Im not sure what you mean? in any project "I" would use this in would be a 3.7v, 4.5v, 6v or 7.4 volt (the only battery packs I really use in my hobby).. mostly 7.4v Li-Ions.. but others have been used.
I want to light ALL leds if full juice.. and go down on the number of leds lit after that.. (reaching my cut-off/threshold)...which would leave the leds only 1 lit.
"input impedance of 1K5 " just means your meter draws a lot of current - in this 7.4V/1500 = 5mA, could use 4.7K.10K and cut that down to 0.5mA.
7.4 to 470, to 1K to gnd.

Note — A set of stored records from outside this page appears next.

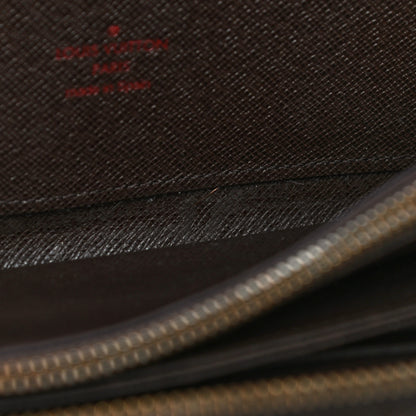 Louis Vuitton Damier Ebene Zippy Wallet 13 of 21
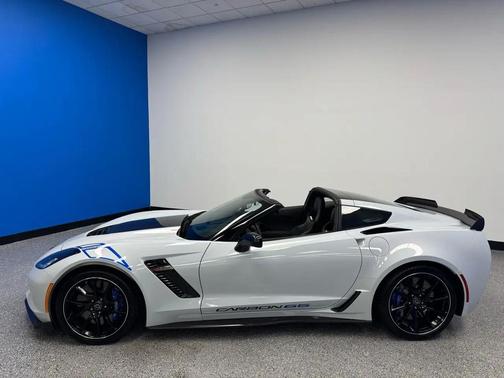 Ceramic Matrix Gray Metallic 2018 Chevrolet Corvette Z06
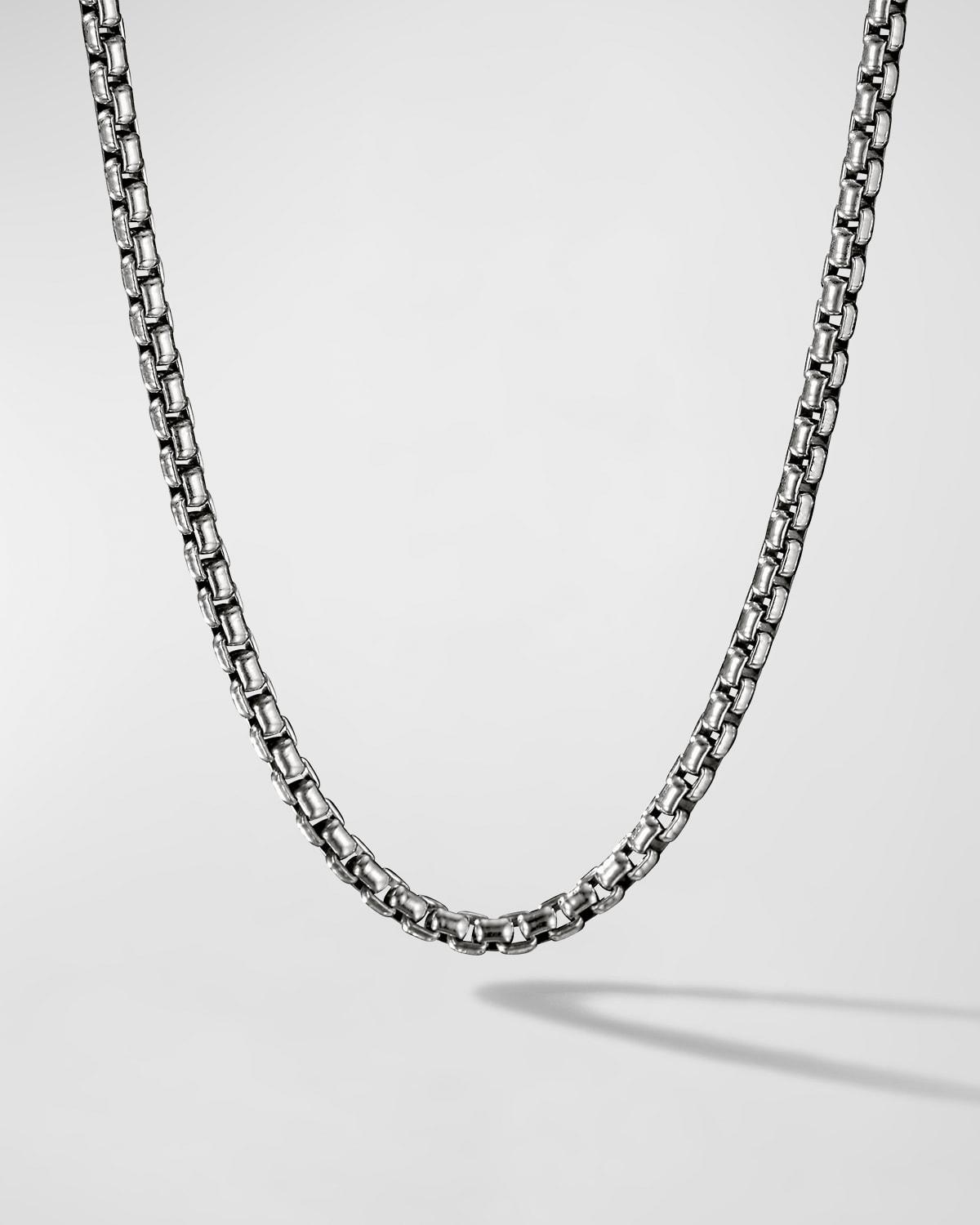 David Yurman Medium Box Chain 3.6mm, 26 Product Image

Junction of 470/1K should be 5.03V if batteries were discharged and down at 3.7V. (7.4*1K)/(.47K + 1K)
Fresh batteries will be more like 8.4V tho, so 5.71V, dropping to ~5V when discharged.
Consider changing your R values to reflect that.

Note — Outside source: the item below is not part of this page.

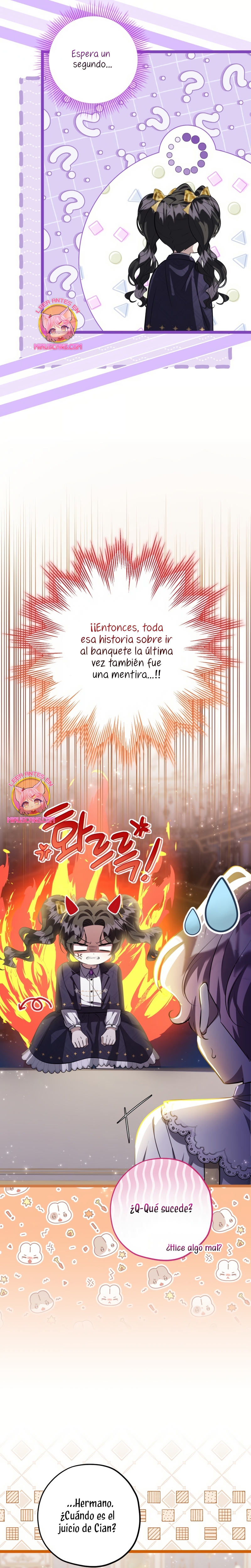 La hija del villano planea huir de casa Capítulo 67 - Página 15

Hi, I have a problem also with a arduino voltmeter/ammeter that is part of a power supply I made.
I have written all the code connected it up and it reads the volts and amps pretty accurately on an lcd.
My problem is when i connect a load to the power supply the voltage drop shown on the lcd is no where near what it reads on a multimeter. ie. if I set the voltage to say 6.00 volts connect a 3.9ohm load the lcd shows 5.8 volts where as the multimeter shows something around 5.00 volts. and doesn't drop much more with bigger loads either.
Does anyone know why this might be?
thought the problem might be electrical but ill attatch the code for you to look at.
but I get about 1.1 amps when i do the maths there so its a little out.
// These constants won't change:
const int analogPin = A4; // pin that the sensor is attached to
const int ledPin = 6; // pin that the LED is attached to
const int threshold = 365; // an arbitrary threshold level that's in the range of the analog input
int analoginput0 = 3; //analoge pin 2
int analoginput1 = 4; //analoge pin 5
float vout1 = 0.0;
float vout2 = 0.0;
int value1 = 0;
int value2 = 0;
float R1 = 5100.0; // !! resistance of R1 !!
float R2 = 2193.0; // !! resistance of R2 !!
float vin1 = 0.0;
float vin2 = 0.0;
// initialize the LED pin as an output:
// initialize serial communications:
// declaration of pin modes
// read the value on analog input
value1 = analogRead(analoginput0); //voltage value
vout1 = (value1 * 4.555)/1023.0;
vin1 = vout1 / (R2/(R1+R2));
value2 = analogRead(analoginput1); //Amp output
vout2 = (value2 * 4.555)/1023.0; //4.555=voltage threshold (1023=4.555V);
vin2 = vout2*2; //vin2 = value2;
// read the value of the potentiometer:
int analogValue = analogRead(analogPin);
// if the analog value is high enough, sound alarm:
// if (analogValue > threshold)
if (vin2 > 3.2) // Set amp alarm value
digitalWrite; //(ledPin, HIGH); //ledpin for led
The 4.555 is the voltage I got when I measured the analogue input variable power supply and multimeter, so 1023 is reached at roughly 4.555 volts not 5 volts exactly, unless its the multimeter telling me different.
and I think i just added the *2 in there just to make the amps close to what it is ment to be. But yes i got a 0.5 ohm shunt on the ground rail.
Im no coding expert and just improvising where i can.
So I will change out the resistors to be 4.7k & 10k respectively.. and lets me keep the draw form the 'meter' low...
but why @ a stable 7.4v from the PSU am I getting readings of 1023 from +5v - +7.4v??
My guess is that either the resistors you are using are not really 470 ohms and 1K (e.g. the one you think is 1K is actually 10k, or the one you think is 470 ohms is actually 47 ohms), or you are using one of those breadboards that has a break in the middle of the 5v and gnd rails and you haven't taken account of that break (so the 1k resistor is not connected to ground).
Yeh the 4.55 might be a bit low but at the end of the day i have to calibrate it to something and thats the reading i get @ 1023, its really no big deal i can change it to 5 but is less accurate, according to my meter. But its doesn't have anything to do with the voltage drop issue, or lack of it should i say.